Step 4, the reagent that is activated with blood sample activation, blood viscoelastic power changes, and pressure drag declines hanging bridge sensing Device resonance characteristic changes, and the voltage magnitude and phase for causing signal excitation detection circuit to detect change, and passes through survey The voltage value and phase obtained, obtains the variation of blood viscoelastic power.

Beneficial effects of the present invention:

1, the present invention declines hanging bridge sensor as the main measurement surveyed element and carry out blood viscoelastic power, pressure resistance type using pressure drag The manufacture of MEMS processing technology can be used in micro- hanging bridge sensor and microchannel template, and batch cost is cheap, while can make sensor Very little, in microchannel realize detection when, it is only necessary to test can be completed in micro blood, at least only needs 1ul, can be extensive Related fields for the detection of blood viscoelastic power.

2, it is preferable can to guarantee that sensor has when the pressure drag that the present invention uses declines hanging bridge sensor using MEMS processing Consistency, ensure that detection accuracy, meanwhile, micro- hanging bridge structure ensure that the high sensitivity of detection.

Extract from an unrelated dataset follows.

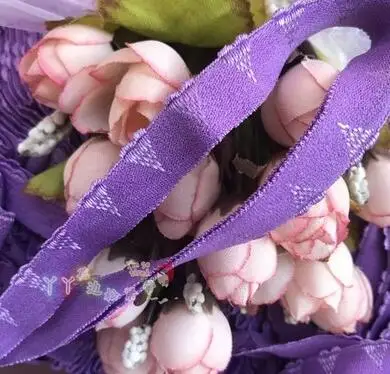 purple 6 м/лот, 1 см ширина, высокое качество, эластичная кружевная отделка для самостоятельного пошива одежды, кружевная лента для повязки на голову - Цвет: purple
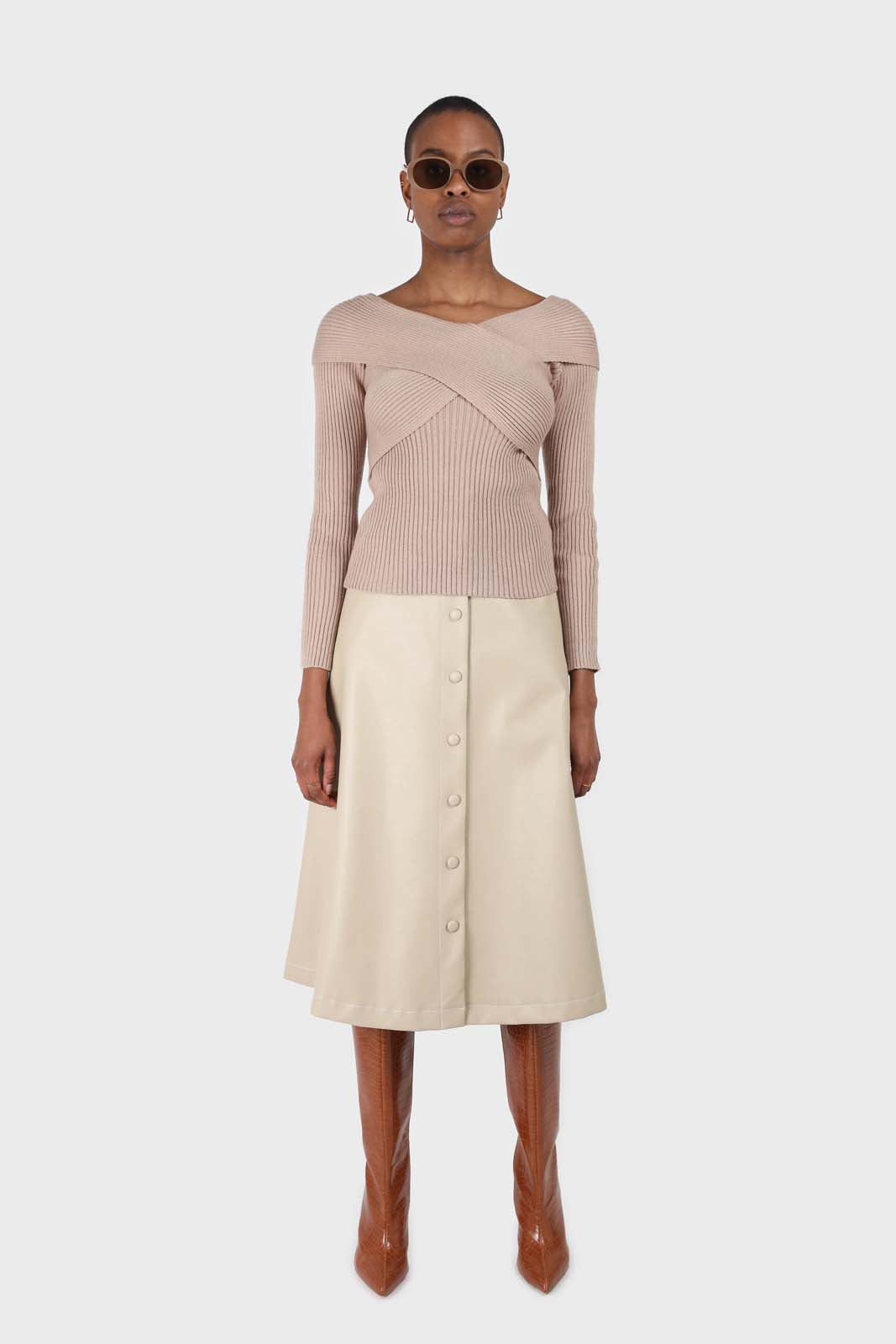 Beige cross over wrap ribbed knit top_2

3, in detection process of the present invention, micro setting time is short, is suitble to quickly detection.

4, the present invention can be used multiple pressure drags and decline hanging bridge sensor "+" microfluidic device " realize the detection of array, from And can realize the synchronous detection of different reagents, further increase detection efficiency.

Detailed description of the invention

Attached drawing 1 is that pressure drag declines hanging bridge sensor schematic.

Attached drawing 2 is that pressure drag declines hanging bridge sensor normal section schematic diagram.

Attached drawing 3 is the viscoelastic force measuring device schematic diagram of hanging bridge sensor micro blood sample of being declined based on pressure drag.

Attached drawing 4 is that signal motivates detection circuit block diagram.

Attached drawing 5 is output voltage change curve in micro blood sample viscoelastic power test process.

Attached drawing 6 is output phase change curve in micro blood sample viscoelastic power test process.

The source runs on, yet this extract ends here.